Leia as orientações a seguir: a) Abrir potes com a palma da mão; b) Não segurar a bolsa com as mãos; c) Utilizar uma colher com cabo longo para cozinhar. O terapeuta ocupacional quando faz tais orientações está visando a realização de atividades cotidianas para favorecer
- A)a proteção muscular ou a distribuição da carga entre diferentes grupos musculares, evitando enfraquecimento e perda de tônus.
Errada, porque fala em proteção muscular e tônus, mas a orientação dada é de proteção articular e redução de sobrecarga nas articulações.
- B)o uso de articulações menos estáveis, intensificando forças mecânicas no sentido contrário das deformidades, e reduzindo a dor.
Errada, pois usar articulações menos estáveis e aumentar forças contra deformidades não corresponde à lógica de economia articular apresentada.
- C)a proteção de grupos musculares mais fortes e a distribuição da carga entre múltiplos músculos, evitando a fadiga e o aumento de tônus.
Errada, porque mistura proteção muscular com fadiga e aumento de tônus, algo que não descreve as orientações da questão.
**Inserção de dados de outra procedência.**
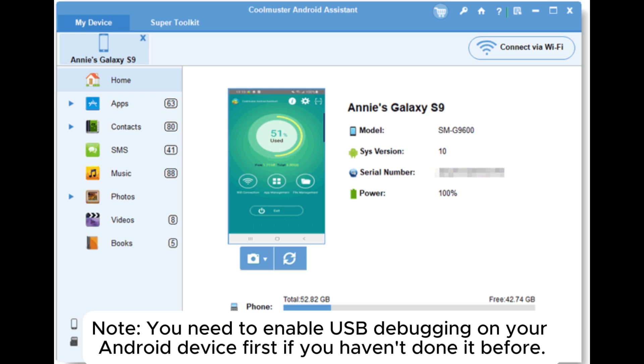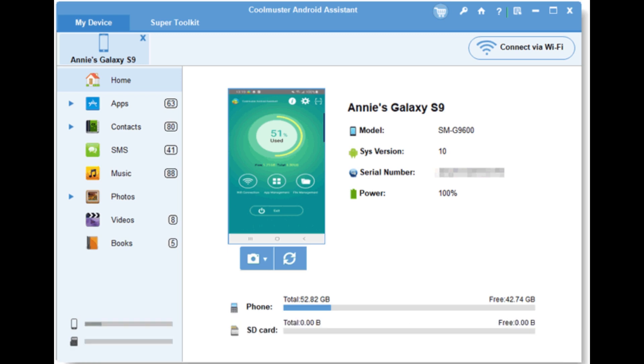Note, you need to enable USB debugging on your Android device first if you haven't done it before.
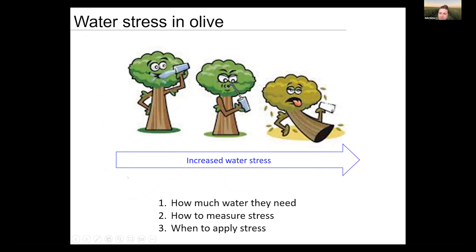When we speak about stress and irrigation, we have to consider that the tree can be in different stages. It can be well irrigated — basically getting all the water it needs — or it can be stressed, with different levels of stress: a positive level or a detrimental level. In this presentation, I'll discuss how to decide how much water the orchard needs, how to ensure full hydration, and how to measure stress and use that measurement to apply water reduction for specific productive objectives.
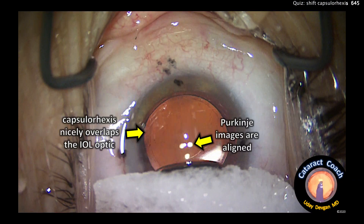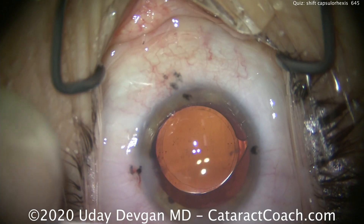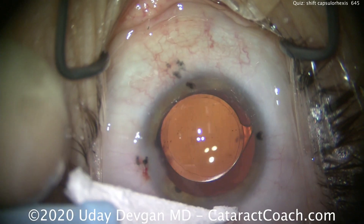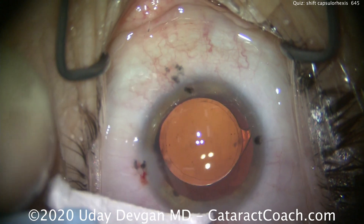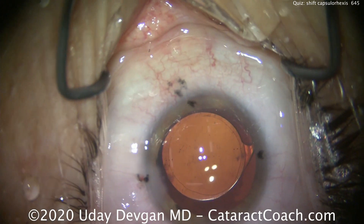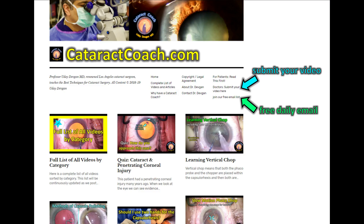That's an important thing to do. Here you can see the overlap of the rhexis on top of the optic, and look at the two Purkinje images beautifully aligned. The patient had a beautiful outcome, and we did a very similar approach for the second eye. So keep this in mind next time. Check out CataractCoach.com, our free teaching website — there's a lot of great material there, much more than my YouTube channel. Click on the full list of all the videos by category and you can see exactly what you want.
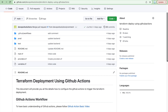Hello everyone, this is Nidhi. In this video I will show you how to do Terraform deployments using GitHub Actions. We will be creating an AWS resource like an ECS cluster — we will have the Terraform code for that, and then we will see how to use GitHub Actions to create a GitHub workflow to do the Terraform initialization, check the plan, and then actually apply your changes on the AWS account.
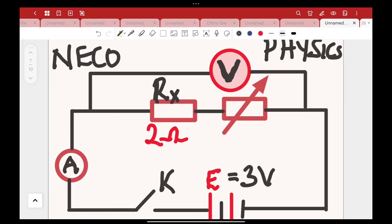Hello guys and welcome to Triune Physics, also known as Physics Bible. This video tutorial is to help and guide you on how to solve your practical problems under electricity in your NECO physics for this year.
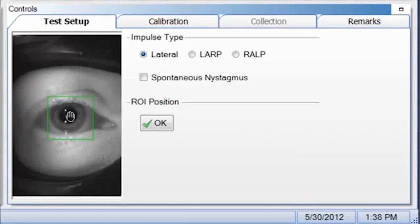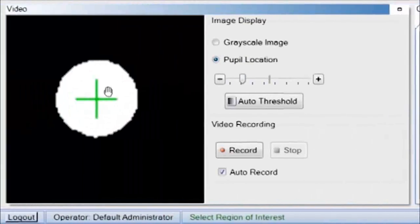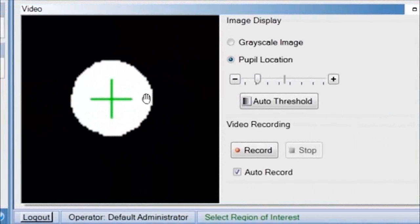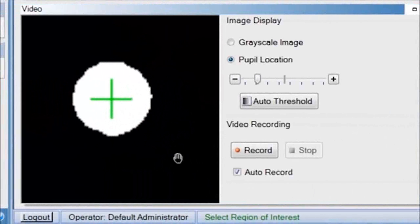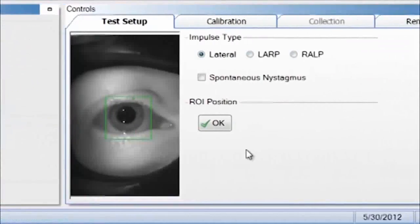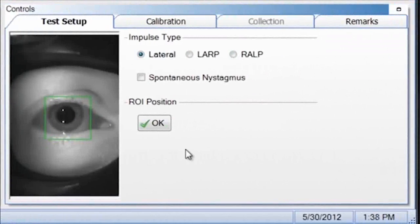And as you can see over on the left-hand side, the white is the pupil and the black is the background. Once you have the pupil centered in the green ROI box, you want to click OK.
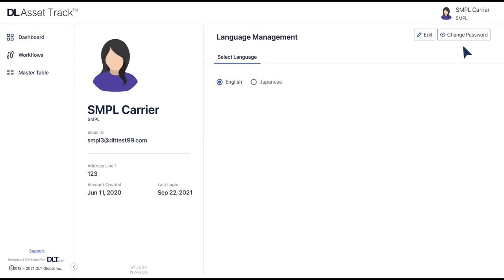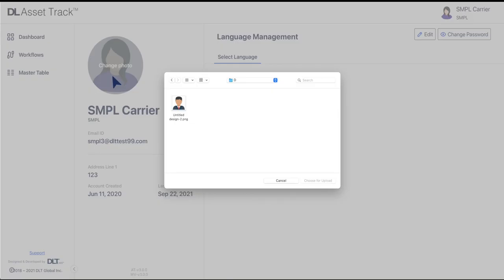After you click on the profile picture section, you will see the change photo option. Now click on the change photo option to select the picture from your device.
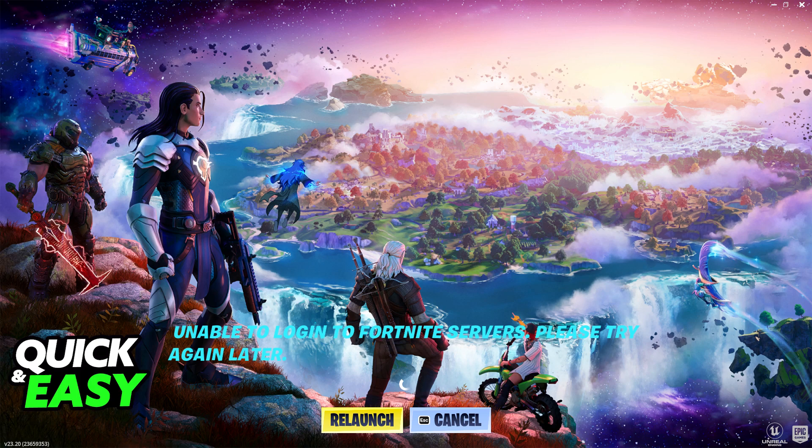The first one that I want to cover is network issues. If you cannot launch the game and you are getting a message similar to this, unable to log in to Fortnite servers, this could indicate a bad connection.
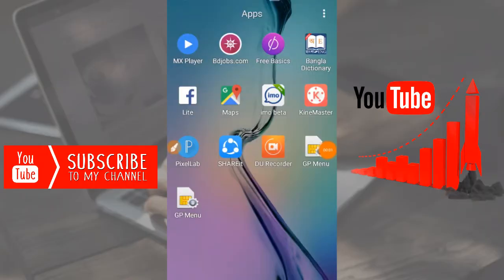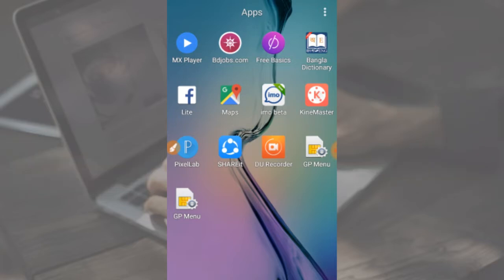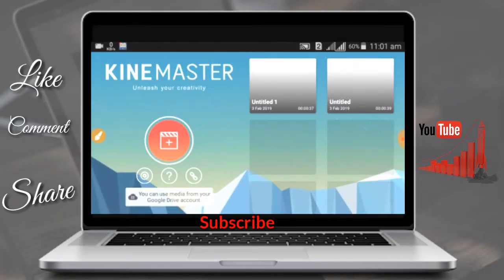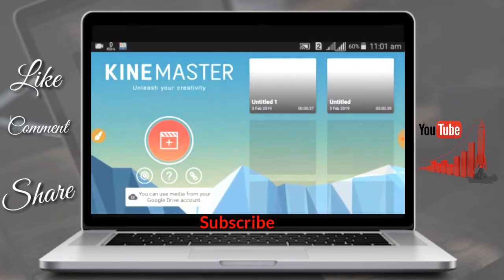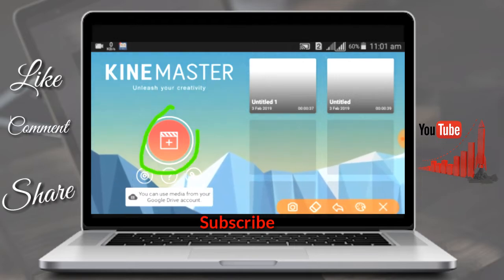Hello, I am the headliner of KineMaster. First, we have to open the KineMaster app. When you click the KineMaster app, click the Media Browser.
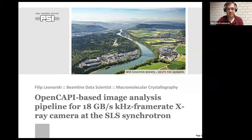Good morning, good afternoon. My name is Philip Leonarski, I work as a beamline data scientist at the Paul Scherrer Institute in Switzerland. In this presentation, I would like to show you an application of OpenCAPI for handling data from our new x-ray cameras at our synchrotron.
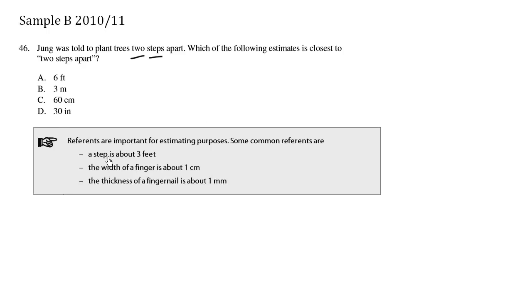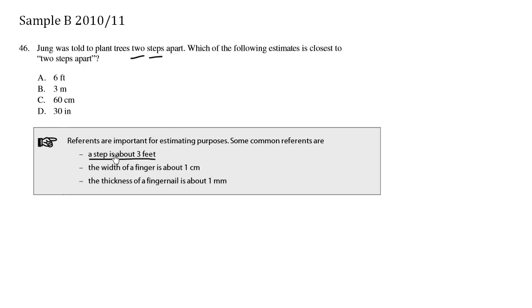The key here is to memorize that for the provincial, a step is about three feet. Now of course in reality some people shuffle their feet, some people take really long steps depending on how tall they are. But for the provincial, a step is about three feet long. So when we're talking about two steps, we're talking about six feet.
- D)o uso de grupos musculares mais estáveis ou a distribuição da carga entre diferentes segmentos do corpo, aliviando a flacidez.
Errada, já que a ideia central não é aliviar flacidez, e sim usar articulações mais estáveis e distribuir a carga de modo mais seguro.
- E)o uso de articulações mais estáveis ou a distribuição da carga entre múltiplas articulações, evitando posições dolorosas e potencialmente prejudiciais.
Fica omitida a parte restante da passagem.